**Problem to solve**
Print the lines of the entries below from the one with "Sticker Rond La" through the final line, exactly as they appear. The pictures are not part of the copy.

┄┄┄┄┄┄┄┄┄┄┄┄┄┄┄┄┄┄┄┄

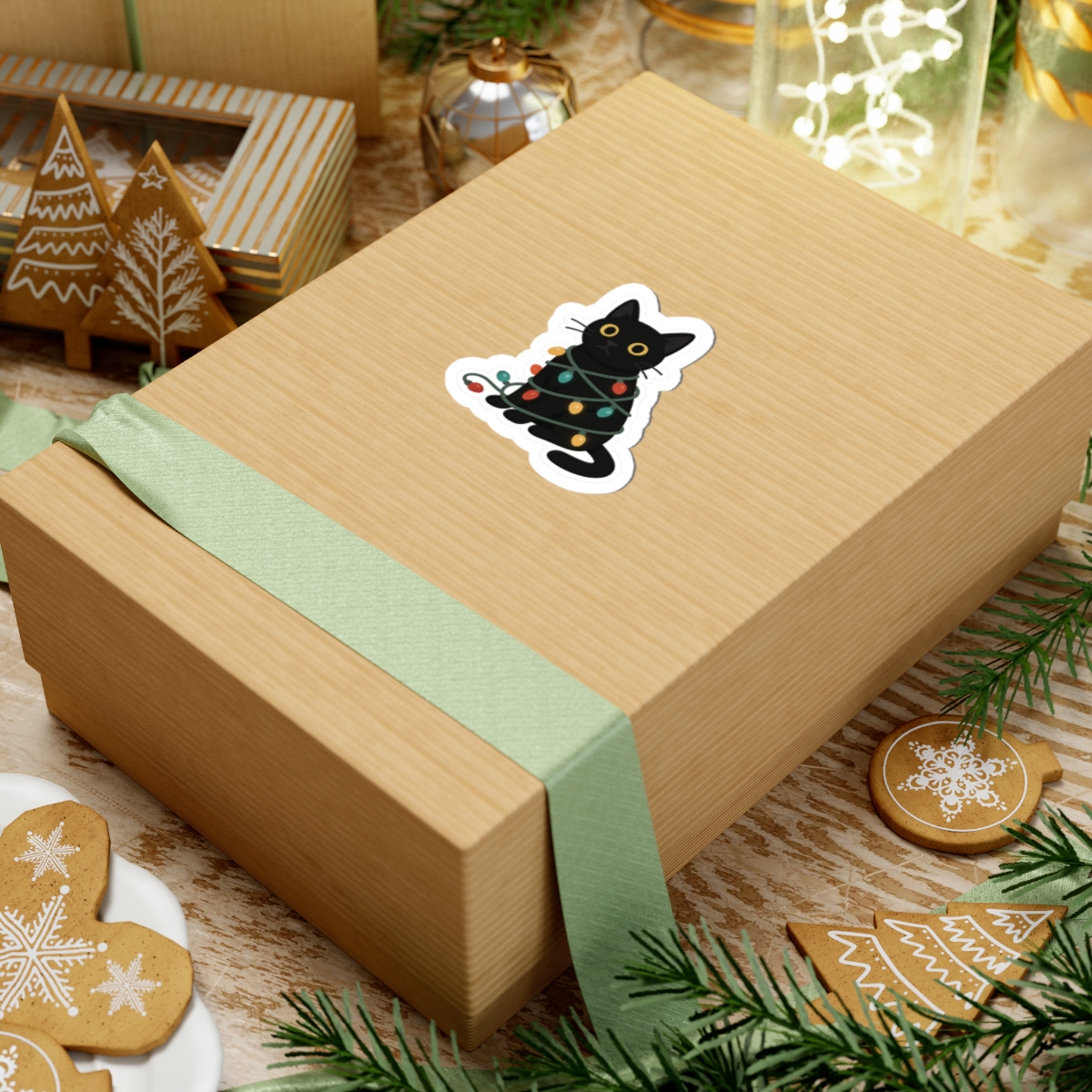 Black Cat Wrapped in Christmas Lights Sticker | Kiss-Cut Sticker - Image 2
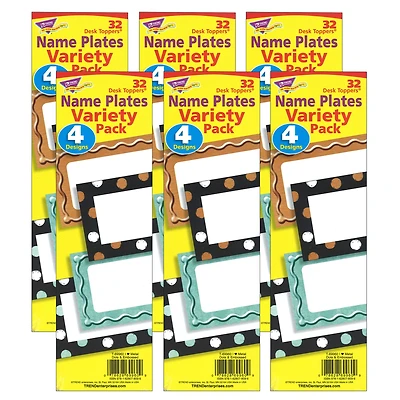 Trend Enterprises® I Heart Metal™ Dots & Embossed Desk Toppers® Name Plates Variety Pack, 6 Packs of 32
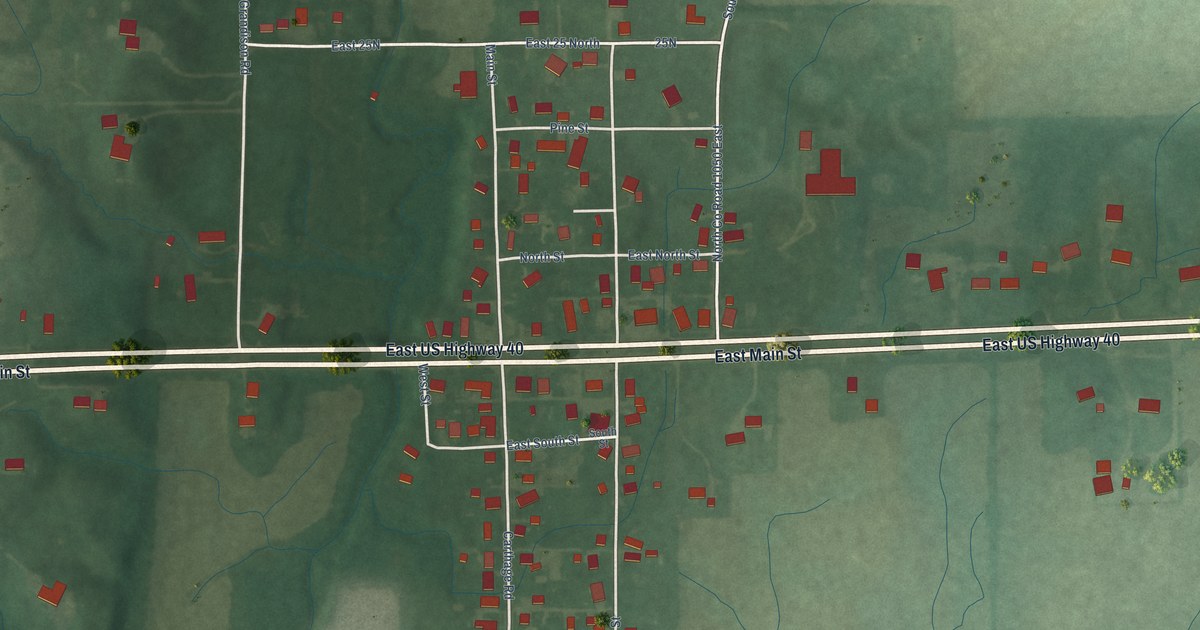 Map of Charlottesville, Indiana in 2026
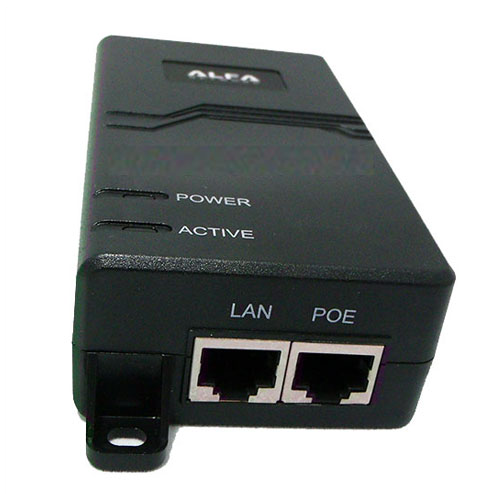 ALFA PSE1000G PSE1000GU 802.3af/at Gigabit PoE Adapter + Power Cord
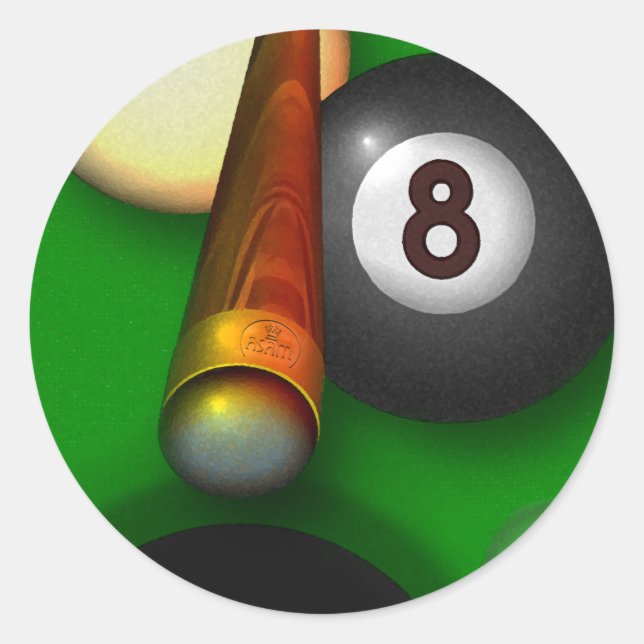Sticker Rond La piscine de Eight Ball et les Billiards (Devant)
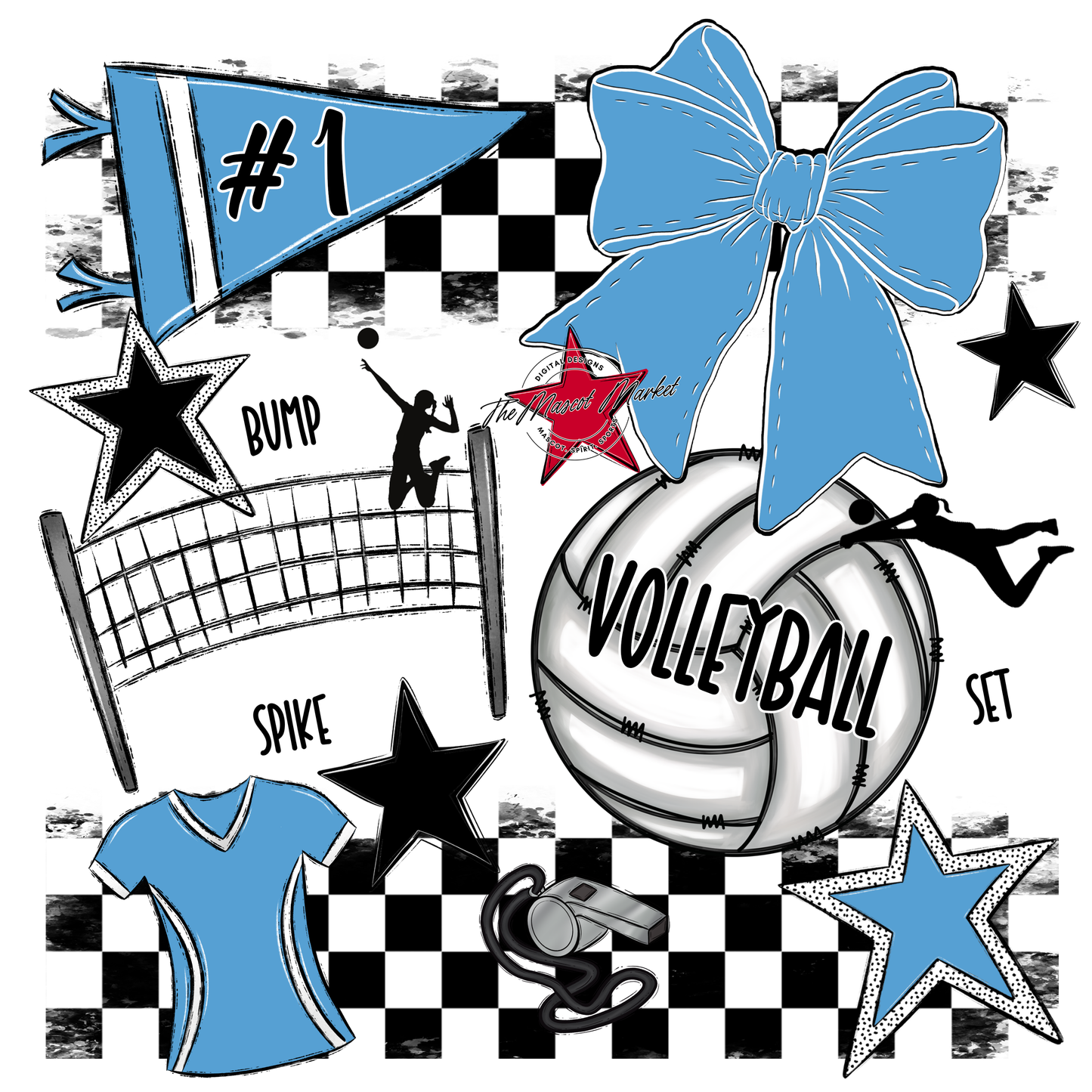 Volleyball Checkers Spirit Design-Carolina Blue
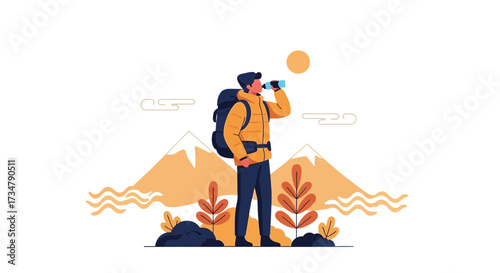 Adventurous hiker drinking water on a mountain trail enjoying the outdoors vector illustration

┄┄┄┄┄┄┄┄┄┄┄┄┄┄┄┄┄┄┄┄

**Expected output**
Sticker Rond La piscine de Eight Ball et les Billiards (Devant)
 Volleyball Checkers Spirit Design-Carolina Blue
 Adventurous hiker drinking water on a mountain trail enjoying the outdoors vector illustration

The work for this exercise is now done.